A Trump Intervention Won't Work

Former Speaker of the House Newt Gingrich greets U.S. Republican presidential candidate Donald Trump at a rally at the Sharon
Former Speaker of the House Newt Gingrich greets U.S. Republican presidential candidate Donald Trump at a rally at the Sharonville Convention Center in Cincinnati, Ohio July 6, 2016. REUTERS/Aaron P. Bernstein

In a period of a few days when Donald Trump continued to attack the family of a fallen American soldier, Trump and his supporters groundlessly stoked fear that the election will be stolen from him, Clint Eastwood reappeared on the national political stage for the first time since he debated a chair to offer a bitter and grumpy defense of the GOP nominee as well as of his own racism, it is easy to overlook what might be the strangest Trump story of the week. It seems that Republican leaders are so concerned about Trump's unhinged behavior and inability to exercise any political prudence whatsoever, that they are urging for a political intervention led by none other than Newt Gingrich and Rudolph Giuliani.

Asking Gingrich and Giuliani to intervene to make Trump a more measured and calm candidate is a little bit, actually a lot, like inviting the crack dealer on the corner over to help with an intervention for your drug addicted friend. Giuliani demonstrated in Cleveland last month that he is no longer America's mayor but shares Trump's apocalyptic view of America and less than even temperament. Gingrich who appears to be turning against the man whose ticket he once hoped to join was never known as a calming influence on anybody or anything.

The choice of Gingrich and Giuliani is astounding because they are uniquely temperamentally unfit for this task, but it also speaks to the extreme weakness of the current GOP leadership's relationship with their party's nominee for president. Gingrich and Giuliani are not exactly players in national politics or today's Republican Party. Neither has won an election since the mid-1990s. The last time either of them won election, Barack Obama was an obscure state senator and the U.S. was just beginning to wake up to the threat posed by Y2K. Both of them have made unsuccessful bids for president in the intervening years, but neither were able to use those campaigns to springboard themselves back to relevance.

For the GOP to turn the task of trying to get Donald Trump to behave more reasonably and run a more effective campaign over to two people with as little influence inside the Republican Party as Gingrich and Giuliani is to concede the failure of the intervention before it has begun. This is one reason why it probably won't happen anyway. Gingrich and Giuliani are not going to try to intervene to make their party's nominee change his behavior; and if they did, they would fail. Additionally, despite some of the rumors floating around during the last 48 hours or so, Trump is not going to drop out of the race.
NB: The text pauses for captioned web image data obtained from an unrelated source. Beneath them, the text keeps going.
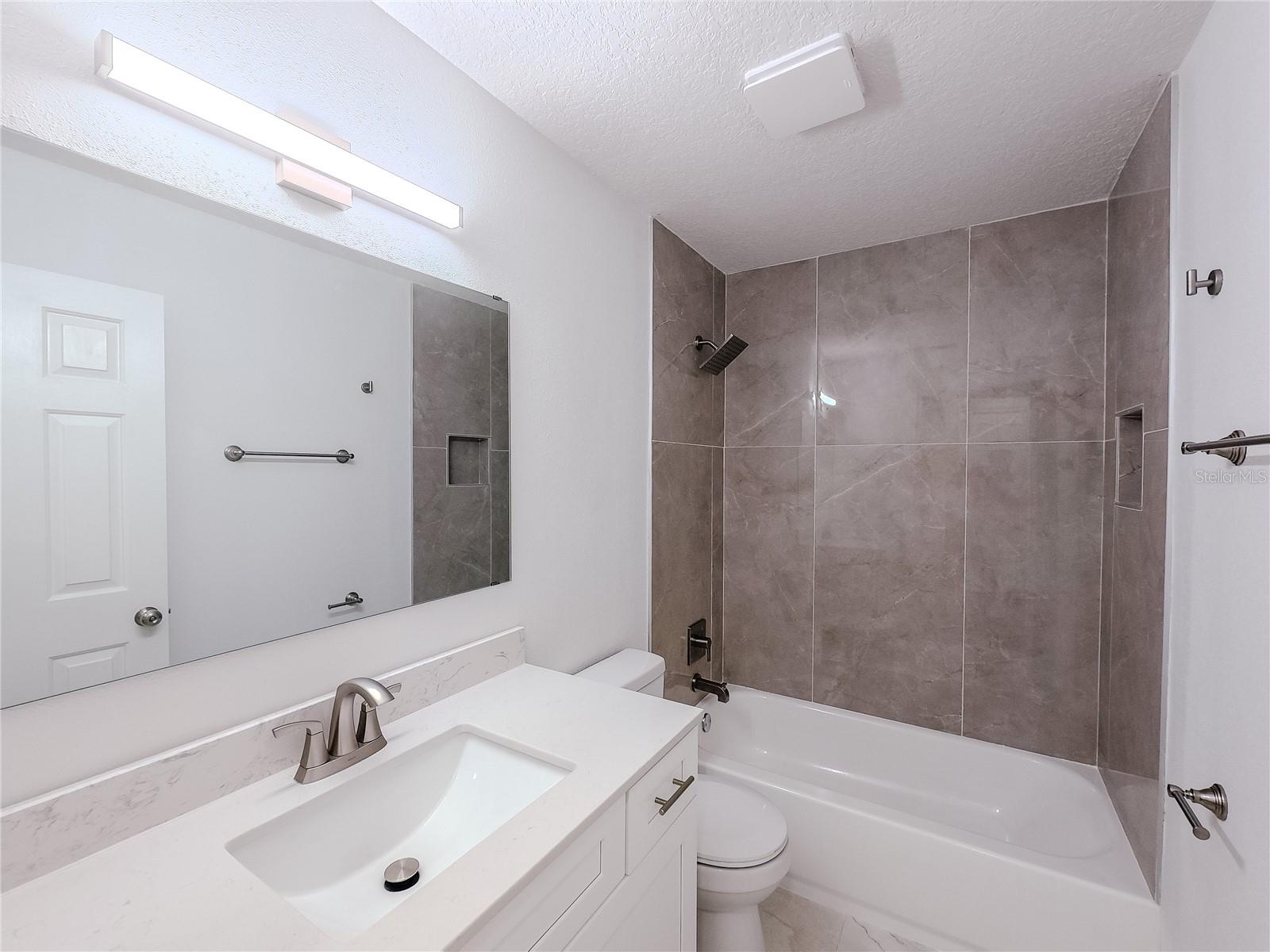 Image 19 of 29 For 10711 Lake Hill Drive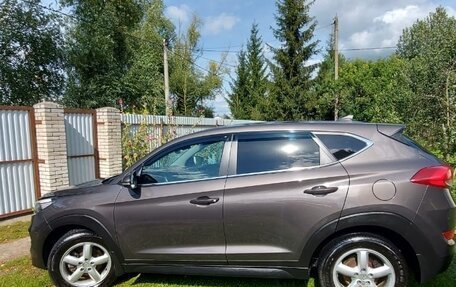 Hyundai Tucson III, 2017 год, 1 980 000 рублей, 2 фотография
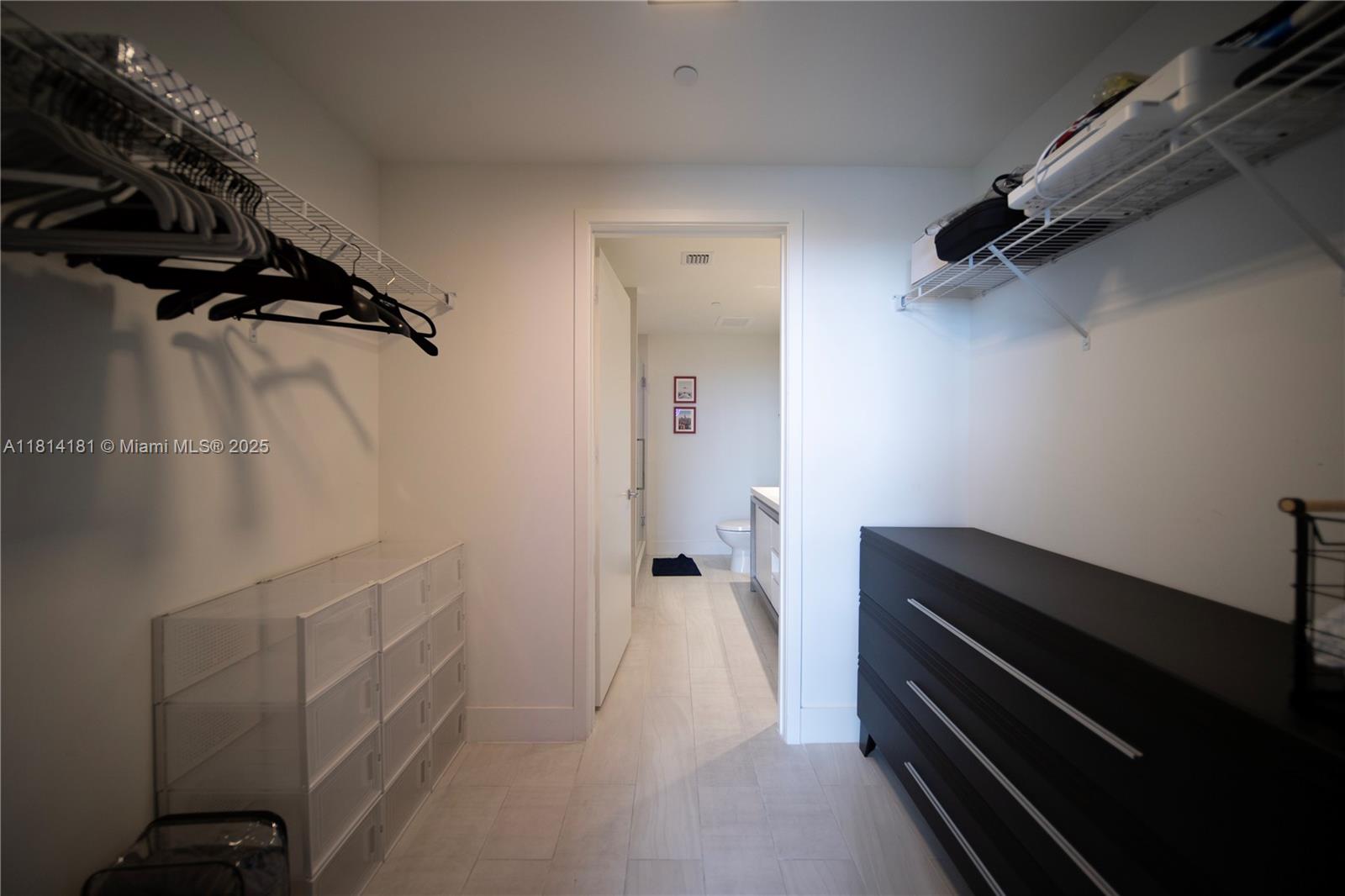 METROPICA NORTH TOWER ONE - Residential Lease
Talk of an intervention or rumors of Trump dropping out will do little to change Trump or damage his campaign. However, the increasing number of Republican politicians, just in the last week or so, who have stated their intention to vote for Hillary Clinton will. People like Meg Whitman and Richard Armitrage send a clear message with their endorsement of a Democrat, that Trump's temperament disqualifies him for the presidency and that conservatives can survive a Clinton presidency. Those messages will resonate with the more educated white voters that Trump still needs in order to consolidate his white voter base. More importantly, if the news is filled with stories of Republicans who are supporting Clinton, Trump's numbers will continue to decline thus creating an easy environment for more Republicans to abandon their erratic and not particularly conservative candidate.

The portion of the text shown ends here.